Big Brother might “force” each of us healthcare players to be held accountable including all of us as patients.  This fear of change leads  to finger pointing, name calling, blaming, grandstanding, and claiming, “Oh the ridiculous price healthcare …  it’s not my fault and I shouldn’t have to change or fix it.” Nothing could be further from the truth. We all have to fix healthcare, and never forget, it’s about the price.

How do we create a health care system that provides the widest access, the best bang for the buck, the fairest distribution of money, and inflates at the same speed as the rest of the economy?

For primary care, two pathways are clear: the career path or the professional practitioner path. With the career model, doctors can work for someone else (like Kaiser, Medicare, an insurance company, or a hospital), and can expect a salary and benefits.
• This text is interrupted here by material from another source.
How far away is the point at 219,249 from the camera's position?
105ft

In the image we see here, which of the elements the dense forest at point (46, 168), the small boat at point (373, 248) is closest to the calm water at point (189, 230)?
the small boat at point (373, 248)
In return, these employers oversee and influence how career doctors do their jobs, their hours, their interactions with patients, how they communicate with patients, and often what medications should be prescribed.  We have 20 years of experience with the “career pathway.”  We allowed others to interfere in the doctor patient relationship, help us ”manage” our patients, and decide what’s “reimbursable.”  The soul of our work and the trust of our patients evaporated. Many believe this pathway will spell the extinction of the primary care “specialist.”
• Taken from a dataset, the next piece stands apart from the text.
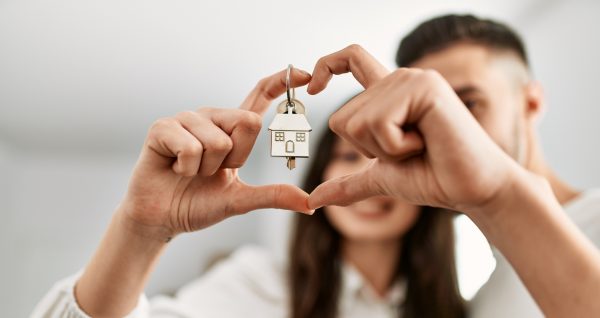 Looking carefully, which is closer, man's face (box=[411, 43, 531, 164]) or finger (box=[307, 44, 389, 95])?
finger (box=[307, 44, 389, 95])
The other pathway is the primary care doctor as a professional, with a mission that focuses on the patient not just for quality, but for trust and price, and following these key objectives:

  • Restoring the soul and viability of the doctor patient relationship,
  • Delivering the highest quality care, and
  • Restoring a pricing integrity which reduces cost.

This professional primary care doctor will restore the patient-doctor relationship with a modern office that is mobile, can be reached anywhere and anytime, has virtually no staff, minimal overhead costs, transparent pricing,  and is powered through a customized software that finds the patient chart, instantly looks up any pharmacy or radiology center, can contact any specialist, can instantly look at differentials, drug interactions, gets notifications when patients have something “due,” has a large number of patient education resources that can be emailed to the patient including articles from the medical literature and refereed internet sites that can educate patients, and does all the billing from the same platform the moment that the note is closed.
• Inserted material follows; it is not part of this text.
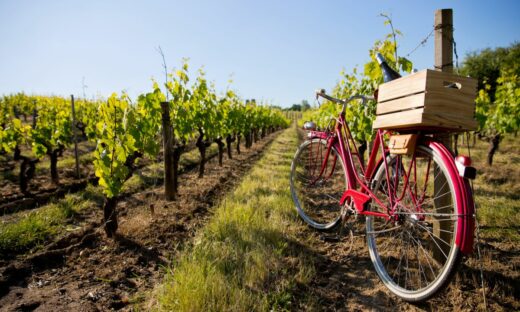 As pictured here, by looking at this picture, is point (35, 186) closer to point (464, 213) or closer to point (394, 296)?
point (394, 296)

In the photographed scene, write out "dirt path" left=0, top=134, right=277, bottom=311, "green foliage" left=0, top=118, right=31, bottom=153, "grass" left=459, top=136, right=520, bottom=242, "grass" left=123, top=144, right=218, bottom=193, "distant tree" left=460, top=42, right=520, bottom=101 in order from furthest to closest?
"distant tree" left=460, top=42, right=520, bottom=101 → "green foliage" left=0, top=118, right=31, bottom=153 → "grass" left=123, top=144, right=218, bottom=193 → "grass" left=459, top=136, right=520, bottom=242 → "dirt path" left=0, top=134, right=277, bottom=311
An individual’s day-to-day health is not “best managed” under third-party payers. We need insurance or government to manage expensive problems or catastrophe, like cancer, serious injuries or ongoing health problems. Yet sixty years of conditioning has left most unable to see the obvious: extract the day-to-day care cost  from the insurance model and return these funds to all Americans (about $700 billion/year), stop holding the consumer hostage, make doctors compete again for the consumer on price, quality, knowledge, access, convenience, relationship — just like every other service industry. Finally, bring an end the  $20 co-pay mentality for the patient and “the funnel” for the doctor.

This is possible, and is being done today with the practice I founded, doctokr Family Medicine, ( Our patients pay out-of-pocket for all the primary and urgent care healthcare services they receive. We charge on a transparent time-based fee basis, where five minutes of the doctor’s time costs around $25. Our patients can contact or see us anytime, day or night, and consult with us via phone, email, in our offices or by house calls, with over 50% of all of our patients’ healthcare issues being resolved by phone or email.  About 75% of our patients pay less than $300 per year for all of their primary and urgent care needs. We’ve built a relationship with each patient and spend as much time as they want with us.

In the weeks ahead I invite all readers and colleagues to consider the road less traveled. Consider primary care doctors standing-up, reclaiming their profession, embracing and being embraced by the American population. And imagine happier patients and doctors, healthier patients and that the delivery of that care costs 50% less than now.